Esta está con nosotros o junto a nosotros, pero inevitable como el aire que
respiramos. A partir de ahora debería ser un concepto innombrable. Incluso se
deberían dictar leyes, una para cada tipo de felicidad, que prohibiesen no solo
alcanzar dicho estado sino cualquier intento de ejecución para desarrollarla.
La felicidad entendida como el camino para hallar la satisfacción sin límites,
debería estar penalizada. Es nuestro verdadero mal. Es el nacimiento del rio
que anega y lo emponzoña todo. Todo
individuo que ose rebasar el límite debería ser encarcelado o como mínimo
puesto en cuarentena.
Allí donde un individuo halla lo justo para poder vivir, en el tajo que
da solo para una vida frugal, muchas veces hasta en el ámbito de los sentidos,
con el sudor de su frente por tener que enfrentarse a las adversidades propias
de la naturaleza o de la vida en sociedad, aparece inexorable el político
“prius inter pares” y le suelta un sintético discurso sobre la felicidad. Tal
individuo, moderno por el tiempo que le ha tocado vivir, es en consecuencia
descastado (no siente que pertenezca a una comunidad como los hombres y mujeres
anteriores a la Revolución francesa) no encuentra ningún compromiso ni vínculo
tácito con ningún modelo de comportamiento.

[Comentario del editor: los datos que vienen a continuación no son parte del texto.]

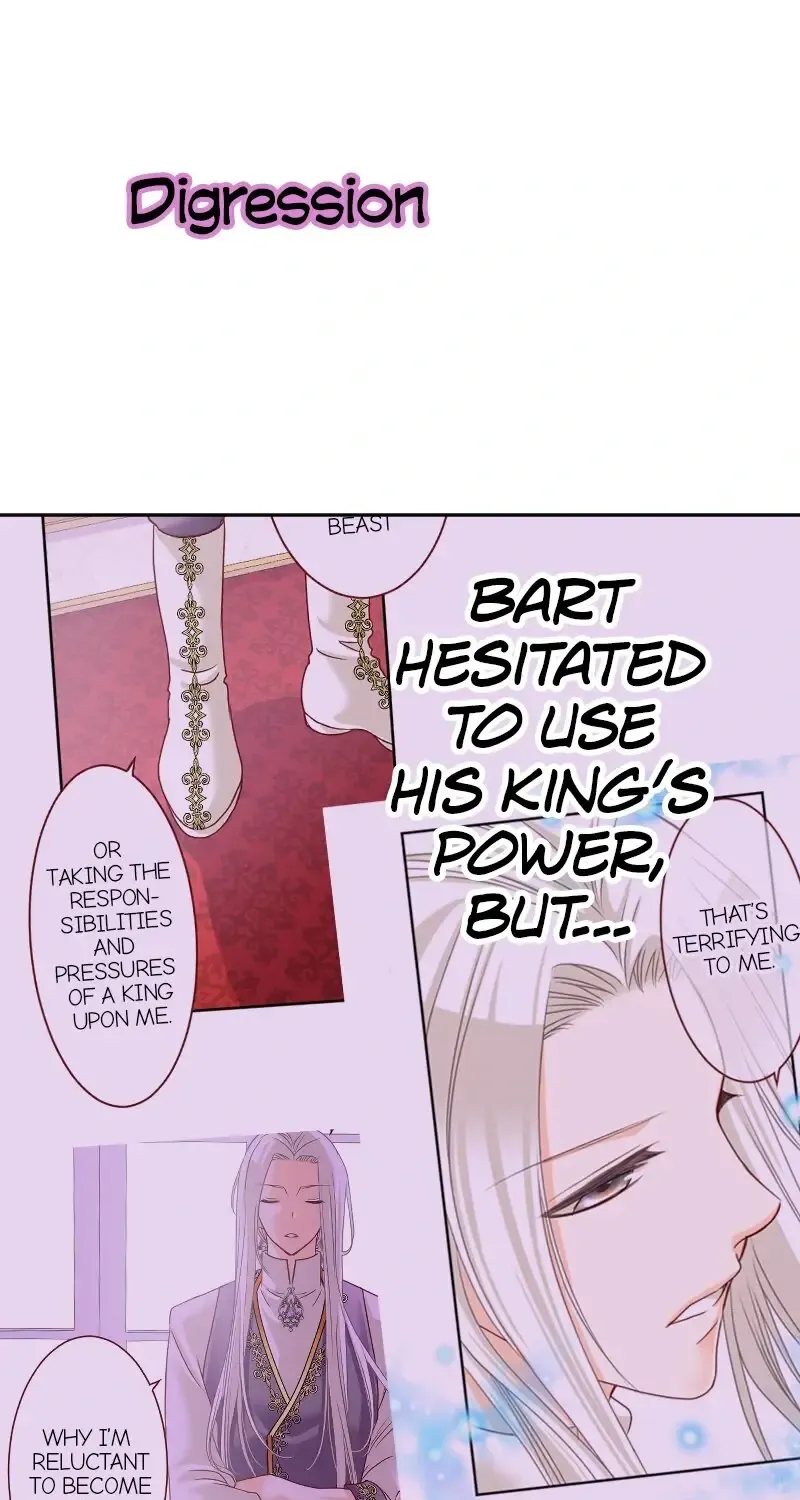 I was Reborn as a Housekeeper in a Parallel World! Zinmanga X Chapter 215 Page 140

Es hijo del siglo XX. No tiene ni
un pelo de tonto pero por encima de todo acepta y asume el tajo. Para él solo
existe una tentación en este mundo liberado de dogmas y dioses : la pretensión
del bien ajeno. O dicho de otro modo, la felicidad del otro.
El individuo no se plantea que grado de satisfacción obtiene de sus
circunstancias, pues se encuentra demasiado ocupado en mantener su línea de
flotación. No importa las riquezas materiales que acumule, sino el número de
golpes que es capaz de asestar en el combate por la felicidad. Cuando la
propuesta política se basa en la moneda de la felicidad en el mercado de la
verdad y la mentira, en un juego en las que ambas son irrefutables, porque la
realidad se fundamenta en la aporía “lo que es bueno para ti es malo para mí y
viceversa”, nos establecemos en un escenario en el que las crisis son variables
y aleatorias como las inclemencias de una climatología enloquecida.
Esta
historia se está narrando ahora. En el momento del inventario de las cochambres
de la praxis política.
La única pedagogía positiva y aceptada por todos es la que proporciona
el máximo nivel de productividad. Se han detectado nuevos comportamientos de
los seres humanos una vez que se ha superado el miedo a la negación de la
promesa de lograr la Pax Postmoderna. Dichas actitudes se basan en la
construcción de largos y monolíticos discursos pero exentos de argumentos que
apuntalen las utopías. Cosas parecidas al ruido que no supera los niveles
mínimos de decibelios que impiden conciliar el sueño. Un ruido muy bien
sonorizado y profesionalizado para los intereses de los almacenistas de la
felicidad. Los ideales de los proyectos políticos colectivos desaparecieron no
hace mucho a causa de la intrascendencia de sus propuestas. Sus violines
callaron cansados de la melodía infinita. Producían en los oyentes la
insatisfacción de Cosa inalcanzable.